My good buddy Andy and his friend Andrew caught this 98lb stud trolling 12 miles South of Panama City on a super secret wahoo honey hole. Before I catch a bunch of crap, like I did for posting my buddies gf's wahoo that weighed 97lbs, I DID NOT CATCH THIS FISH, I AM POSTING FOR A FRIEND. Not a bad fish considering it was caught out of a 17' Cape Horn on a red and black ilander with a 30 wide :thumbsup:


----------



## cody&ryand (Oct 3, 2007)

Heck of a fish


----------



## Jsullivansnapper (Apr 19, 2012)

Wow awesome fish can't fit it in any ice chest


----------



## Moparbryan67 (Apr 12, 2008)

Killer Wahoo.


----------



## DAWGONIT (Jan 16, 2009)

Nice work.
Think I had it's twin on Thursday.


----------



## Scruggspc (Mar 20, 2013)

Nice hooter.
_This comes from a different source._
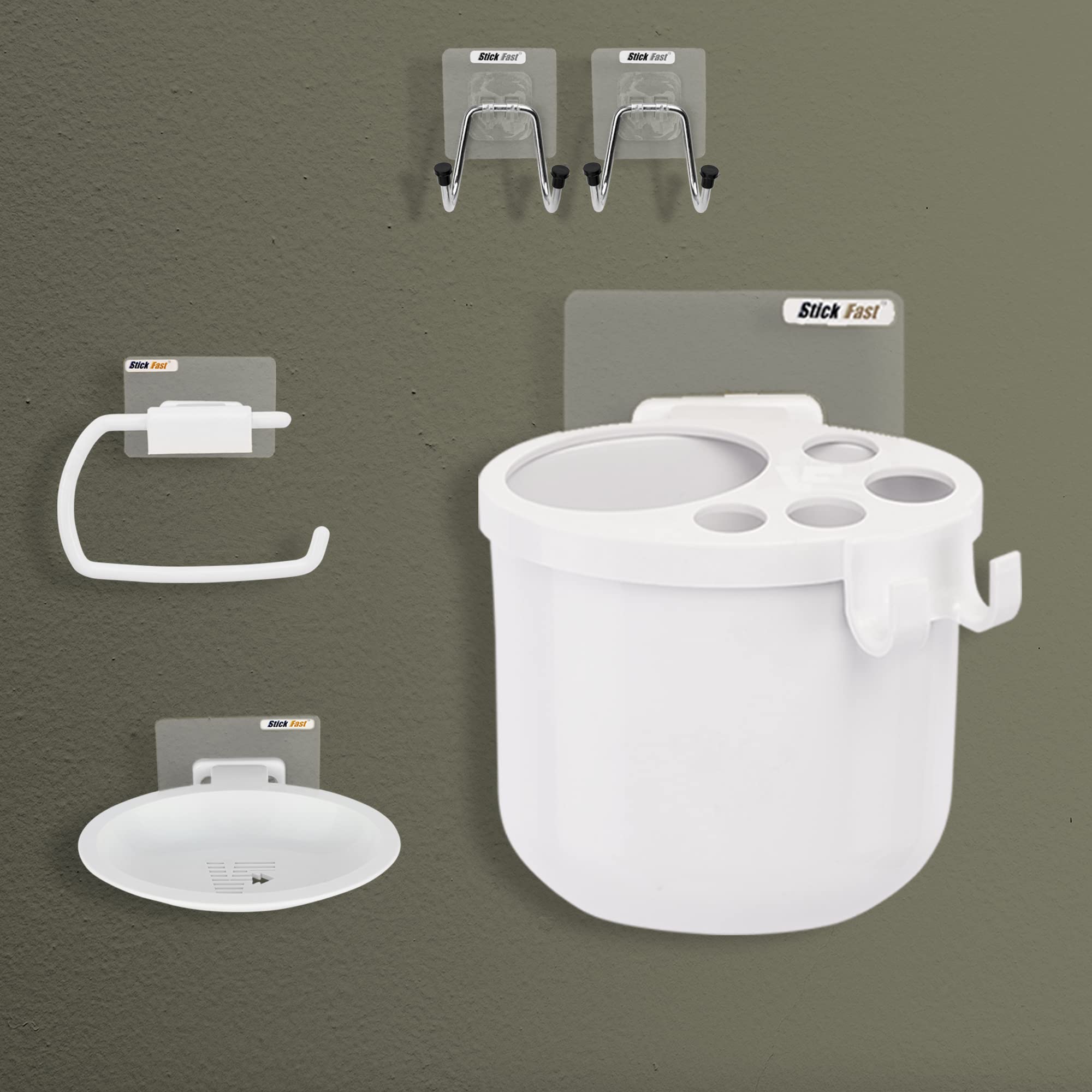 Stick Fast Self-Adhesive Bathroom Combo Set Pack of 4pcs with 3M Sticker for Wall Mount for Home, Washroom, Kitchen (Double Hook, Toothbrush Holder, Soap Holder & Toilet Paper Holder) (B0BR1CKNNQ) Amazon Price History, Amazon Price Tracker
Got me by one pound. That damn Andy!


----------



## WACKEM&STACKEM! (Dec 9, 2008)

Scruggspc said:


> Nice hooter. Got me by one pound. That damn Andy!
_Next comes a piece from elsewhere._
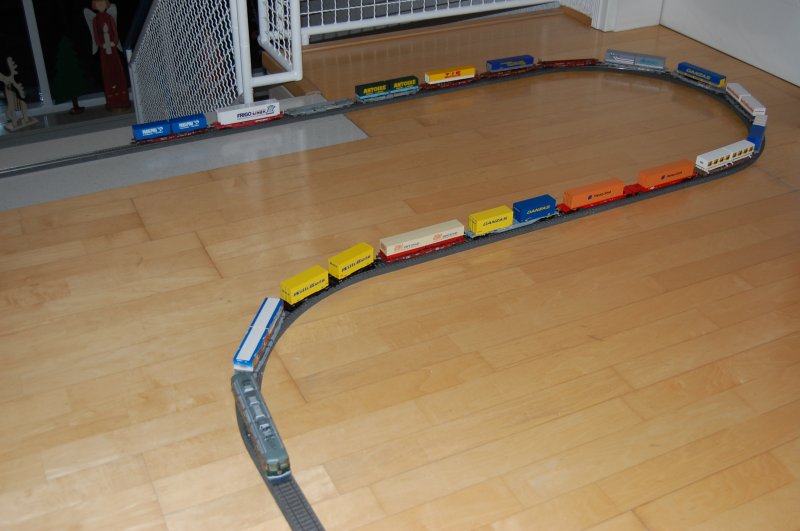 SBB-Containerzug gezogen von der Re 6/6 11644 Cornaux auf meiner Bodenanlage!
 He'll do it to u everytime. He's got that favor with everything he does :001_huh:


----------



## cobe killer (Apr 13, 2008)

awesome hoo-daddy!!!!


----------



## tank banger (Oct 2, 2012)

Nice!!! :notworthy:


----------



## jeremyledford (Jun 24, 2012)

That is a man! Very nice.


----------



## bquared (May 25, 2011)

No crap from me for the post! That is a stud, whoever caught it!


----------



## 85okhai (Mar 15, 2010)

seems like the wahoo fishing has been on fire in PC! screw snapper fishing ill eat wahoo over snapper any day!


----------



## clunan1 (Mar 27, 2010)

very nice!


----------



## PELAGIC PIRATE (Oct 10, 2007)

Thats a true Giant Hoo

As soon as i leave PC : the 100 pounders start jumping in the boat for joy.....

Congrats :thumbsup:


----------



## Lexcore (May 5, 2012)

:thumbup:awesome:thumbup::yes: how hard was it getting it in, your picture looks like it was a breeze? :no: I know if you have the gear, it is as easy as drinking a bear :whistling: my rap is awesome :no:


----------



## snprman (Jun 17, 2013)

Great whoo, were you able to measure the whoo? I caught one long time ago and had it mounted. At the time I had no way of weighing it. Just would like to compare if you have the measurements.

Thanks, John


----------



## PELAGIC PIRATE (Oct 10, 2007)

snprman said:


> Great whoo, were you able to measure the whoo? I caught one long time ago and had it mounted. At the time I had no way of weighing it. Just would like to compare if you have the measurements.
> 
> Thanks, John


I got one mounted here in my office i caught in Venice LA on a spin rod and a CD 18 rapala :

73 and 3/4 inches long 
36 inch girth 
111 Pounds


----------



## snprman (Jun 17, 2013)

Thanks for that. I just mesasured mine, it is 69'' long and 24" girth. I esimated at 80-85 pounds, does that sound about right?

John


----------



## my3nme (Oct 9, 2007)

Nasty


----------



## panhandlephinsphan (Aug 25, 2008)

what speed are you trolling at for the hoos? trying a few different techniques.

Thanks,

Pan


----------



## pilotkal (May 31, 2012)

nice hoo


----------